In April 606, his representatives crowned him king in a gathering and given him the title of Maharaja. Harsha established an empire that brought the whole of North India under his control.
The prevailing peace and prosperity made his court a center of greatness, attracting scholars, artists, and religious visitors from far and wide. The Chinese traveler Hiuen-Tsang visited Harsha’s court, and wrote a very favorable article, praising his justice and generosity.

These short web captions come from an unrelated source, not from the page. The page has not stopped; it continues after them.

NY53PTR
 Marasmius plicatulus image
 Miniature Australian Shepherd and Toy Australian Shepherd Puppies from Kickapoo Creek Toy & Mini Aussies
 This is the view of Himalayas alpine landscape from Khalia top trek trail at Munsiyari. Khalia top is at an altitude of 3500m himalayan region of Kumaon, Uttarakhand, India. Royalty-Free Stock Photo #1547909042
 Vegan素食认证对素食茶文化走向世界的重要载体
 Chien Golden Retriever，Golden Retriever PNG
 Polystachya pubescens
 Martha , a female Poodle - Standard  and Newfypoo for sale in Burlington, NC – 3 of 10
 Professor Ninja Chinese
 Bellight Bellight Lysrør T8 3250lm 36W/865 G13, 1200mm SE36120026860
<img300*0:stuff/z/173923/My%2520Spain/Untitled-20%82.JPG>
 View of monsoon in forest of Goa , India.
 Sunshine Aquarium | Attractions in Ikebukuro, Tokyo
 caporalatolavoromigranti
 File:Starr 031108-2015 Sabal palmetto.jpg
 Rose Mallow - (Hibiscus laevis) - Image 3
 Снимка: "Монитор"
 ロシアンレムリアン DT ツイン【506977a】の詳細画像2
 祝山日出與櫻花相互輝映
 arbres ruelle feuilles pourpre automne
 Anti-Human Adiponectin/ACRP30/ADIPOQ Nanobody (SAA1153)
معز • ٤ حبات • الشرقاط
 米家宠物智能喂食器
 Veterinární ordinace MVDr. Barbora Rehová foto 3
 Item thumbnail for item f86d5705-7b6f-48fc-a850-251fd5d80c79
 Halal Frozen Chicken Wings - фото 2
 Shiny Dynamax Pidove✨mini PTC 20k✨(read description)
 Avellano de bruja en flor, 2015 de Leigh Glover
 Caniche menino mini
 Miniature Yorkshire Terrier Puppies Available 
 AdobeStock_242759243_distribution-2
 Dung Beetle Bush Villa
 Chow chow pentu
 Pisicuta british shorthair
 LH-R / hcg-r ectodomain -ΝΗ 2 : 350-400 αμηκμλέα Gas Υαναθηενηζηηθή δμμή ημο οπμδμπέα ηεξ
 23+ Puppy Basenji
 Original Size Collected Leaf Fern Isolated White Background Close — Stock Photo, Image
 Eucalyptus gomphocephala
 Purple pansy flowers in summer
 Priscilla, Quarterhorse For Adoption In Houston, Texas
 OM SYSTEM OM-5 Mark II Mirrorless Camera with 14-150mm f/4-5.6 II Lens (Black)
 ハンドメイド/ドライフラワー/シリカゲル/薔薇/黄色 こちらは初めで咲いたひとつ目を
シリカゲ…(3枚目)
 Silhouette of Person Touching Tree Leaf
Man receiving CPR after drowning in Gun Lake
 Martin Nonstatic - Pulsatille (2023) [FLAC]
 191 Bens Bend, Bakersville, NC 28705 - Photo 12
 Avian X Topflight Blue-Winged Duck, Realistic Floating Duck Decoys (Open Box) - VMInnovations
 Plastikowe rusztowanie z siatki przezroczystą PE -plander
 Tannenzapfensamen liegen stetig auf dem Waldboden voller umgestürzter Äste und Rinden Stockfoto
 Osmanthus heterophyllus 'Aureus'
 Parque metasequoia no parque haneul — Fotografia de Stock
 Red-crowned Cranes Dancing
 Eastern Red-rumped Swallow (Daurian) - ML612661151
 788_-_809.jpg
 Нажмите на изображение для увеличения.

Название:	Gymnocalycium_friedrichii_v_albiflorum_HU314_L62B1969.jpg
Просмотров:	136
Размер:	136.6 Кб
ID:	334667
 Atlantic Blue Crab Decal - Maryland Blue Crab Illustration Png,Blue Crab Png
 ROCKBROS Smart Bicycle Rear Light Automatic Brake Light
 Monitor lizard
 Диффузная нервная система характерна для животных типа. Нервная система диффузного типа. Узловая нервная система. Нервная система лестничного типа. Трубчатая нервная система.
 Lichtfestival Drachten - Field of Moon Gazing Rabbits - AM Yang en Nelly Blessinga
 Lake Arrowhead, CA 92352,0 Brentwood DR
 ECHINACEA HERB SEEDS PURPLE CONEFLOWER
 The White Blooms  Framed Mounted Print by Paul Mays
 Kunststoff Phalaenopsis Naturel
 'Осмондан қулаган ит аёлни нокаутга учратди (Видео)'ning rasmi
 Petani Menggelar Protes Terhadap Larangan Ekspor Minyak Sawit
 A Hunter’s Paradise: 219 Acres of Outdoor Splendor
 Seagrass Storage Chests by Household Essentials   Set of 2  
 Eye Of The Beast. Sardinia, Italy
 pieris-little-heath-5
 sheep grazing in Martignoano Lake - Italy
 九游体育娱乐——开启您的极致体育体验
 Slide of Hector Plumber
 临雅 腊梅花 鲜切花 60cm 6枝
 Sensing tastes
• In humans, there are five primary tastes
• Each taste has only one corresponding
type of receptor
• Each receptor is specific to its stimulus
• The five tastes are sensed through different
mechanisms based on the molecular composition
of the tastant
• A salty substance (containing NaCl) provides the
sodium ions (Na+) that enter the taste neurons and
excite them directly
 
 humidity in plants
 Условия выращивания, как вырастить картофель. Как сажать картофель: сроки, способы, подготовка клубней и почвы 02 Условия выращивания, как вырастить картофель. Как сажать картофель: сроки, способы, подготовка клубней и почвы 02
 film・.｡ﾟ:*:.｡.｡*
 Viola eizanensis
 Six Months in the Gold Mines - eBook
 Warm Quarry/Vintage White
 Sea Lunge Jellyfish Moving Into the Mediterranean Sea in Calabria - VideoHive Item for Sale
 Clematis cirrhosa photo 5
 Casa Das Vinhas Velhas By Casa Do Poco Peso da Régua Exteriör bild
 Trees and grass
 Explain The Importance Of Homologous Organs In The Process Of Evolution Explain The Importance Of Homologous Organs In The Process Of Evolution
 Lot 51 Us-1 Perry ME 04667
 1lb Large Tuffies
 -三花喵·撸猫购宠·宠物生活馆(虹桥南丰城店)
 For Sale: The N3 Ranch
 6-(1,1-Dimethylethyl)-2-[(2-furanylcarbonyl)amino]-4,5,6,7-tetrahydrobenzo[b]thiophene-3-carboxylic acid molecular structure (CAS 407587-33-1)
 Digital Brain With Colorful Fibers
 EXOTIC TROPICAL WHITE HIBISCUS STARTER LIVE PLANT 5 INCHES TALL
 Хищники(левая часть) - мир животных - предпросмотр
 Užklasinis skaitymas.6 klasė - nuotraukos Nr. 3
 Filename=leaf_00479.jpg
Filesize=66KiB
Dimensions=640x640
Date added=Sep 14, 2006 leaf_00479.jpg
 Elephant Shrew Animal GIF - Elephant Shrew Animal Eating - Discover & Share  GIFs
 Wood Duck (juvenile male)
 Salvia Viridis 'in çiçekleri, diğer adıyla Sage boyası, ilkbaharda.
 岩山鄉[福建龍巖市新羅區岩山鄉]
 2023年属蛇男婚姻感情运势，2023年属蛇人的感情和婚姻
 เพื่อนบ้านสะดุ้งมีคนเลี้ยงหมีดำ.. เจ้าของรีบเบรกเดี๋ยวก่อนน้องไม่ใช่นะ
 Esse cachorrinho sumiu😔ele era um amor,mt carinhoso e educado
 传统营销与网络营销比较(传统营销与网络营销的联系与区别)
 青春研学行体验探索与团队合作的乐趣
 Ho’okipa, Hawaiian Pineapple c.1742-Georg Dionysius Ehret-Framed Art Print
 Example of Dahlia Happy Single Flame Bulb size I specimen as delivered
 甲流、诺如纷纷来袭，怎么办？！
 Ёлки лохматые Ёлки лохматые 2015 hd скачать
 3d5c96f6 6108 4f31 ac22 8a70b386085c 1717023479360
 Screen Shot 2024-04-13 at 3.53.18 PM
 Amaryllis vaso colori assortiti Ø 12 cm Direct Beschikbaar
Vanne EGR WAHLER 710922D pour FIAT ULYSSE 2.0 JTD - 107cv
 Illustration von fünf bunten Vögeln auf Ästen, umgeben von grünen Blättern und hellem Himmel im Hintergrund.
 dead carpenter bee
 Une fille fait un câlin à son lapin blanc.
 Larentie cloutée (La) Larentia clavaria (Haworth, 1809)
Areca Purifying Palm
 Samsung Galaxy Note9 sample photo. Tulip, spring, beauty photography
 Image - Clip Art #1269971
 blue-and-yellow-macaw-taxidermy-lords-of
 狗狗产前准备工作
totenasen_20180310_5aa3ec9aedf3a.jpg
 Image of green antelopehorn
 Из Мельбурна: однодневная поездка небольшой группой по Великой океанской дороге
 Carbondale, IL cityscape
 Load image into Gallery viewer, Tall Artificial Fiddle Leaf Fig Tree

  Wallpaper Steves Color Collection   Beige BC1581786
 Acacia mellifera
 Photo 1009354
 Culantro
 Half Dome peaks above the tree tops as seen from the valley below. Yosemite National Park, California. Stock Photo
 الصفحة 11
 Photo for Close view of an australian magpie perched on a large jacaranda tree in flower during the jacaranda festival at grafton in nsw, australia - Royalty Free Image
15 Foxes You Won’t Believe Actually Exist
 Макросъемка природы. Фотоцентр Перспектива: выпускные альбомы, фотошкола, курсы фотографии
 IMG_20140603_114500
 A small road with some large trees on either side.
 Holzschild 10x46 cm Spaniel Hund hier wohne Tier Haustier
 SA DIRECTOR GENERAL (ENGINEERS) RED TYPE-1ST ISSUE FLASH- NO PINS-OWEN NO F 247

Pulakeshin II defeated Harsha on the banks of the Narmada in the winter of 618–619. Pulakeshin entered into a treaty with Harsha, the Narmada River was chosen as the boundary between the Chalukya kingdom and Harshavardhana. Hiuen-Tsang describes the incident as follows:
“Shiladityaraja (i.e., Harsha), filled with confidence, marched at the head of his troops to contend with this prince (i.e., Pulakeshin); but he was unable to prevail upon or subjugate him”.
In 648, in response to Harsha being sent ambassador to China, the Tang dynasty emperor Tang Taizong sent Wang Xuan to India. But, once in India, he found Harsha had died and the new king Aluonashun (supposedly Arunāsva) attacked Wang and his 30 mounted subordinates.
This led to Wang Xuance escaping to Tibet, also secured a reported Buddhist relic for China. He fought back to India with Tibet and Licchavi force, during the war, a false story written many centuries later, it’s claimed that the new king was among the captives during Wang Xuance’s attack.
Religious Beliefs of Harshavardhana
Like many other ancient Indian rulers, Harsha was generous in his religious views and practices. His seals describe his ancestors as Suryopasaka(sun-worshippers), his elder brother as Buddhist, and himself as Shaiva.
Harsha’s land grant inscription represents him as Param-Maheshwara (the supreme devotee of Shiva). His play Nagananda is dedicated to Gauri, the wife of Shiva. His court poet Bana also calls him Shaiva.
According to the Chinese Buddhist traveler Hiuen-Tsang, Harsha was a devout Buddhist. He reveals that Harsha banned animal slaughter for food, and built monasteries at places visited by Gautama Buddha.
They built several thousand 100-feet high stupas on the banks of the river Ganges. He built well-maintained hospices(Dharmashala) for travelers and poor people on roads across India.
He organized an annual gathering of global scholars and gave a charitable donation to them. Every five years, he organized a great assembly called Moksha. Hiuen-Tsang also describes a 21-day religious festival organized by Harsha in Kannauj; During this festival, Harsha and his subordinate kings performed daily rituals in front of a life-size golden statue of Buddha.
Since Harsha’s own inscriptions describe him as Shaiva, his conversion to Buddhism took place in the latter part of his life. Even Hiuen-Tsang states that Harsha gave patronage to scholars of all religions, not just Buddhist monks.
Harsha is widely regarded as the author of three Sanskrit plays Ratnavali, Nagananda, and Priyadarshika. While some believe (for example, Mammata in Kaviprakasha) that it was Bana, the court poet of Harsha, who wrote the plays as a paid commission, Wendy Doniger said, “persuaded, however, that king Harsha really wrote the plays … himself.”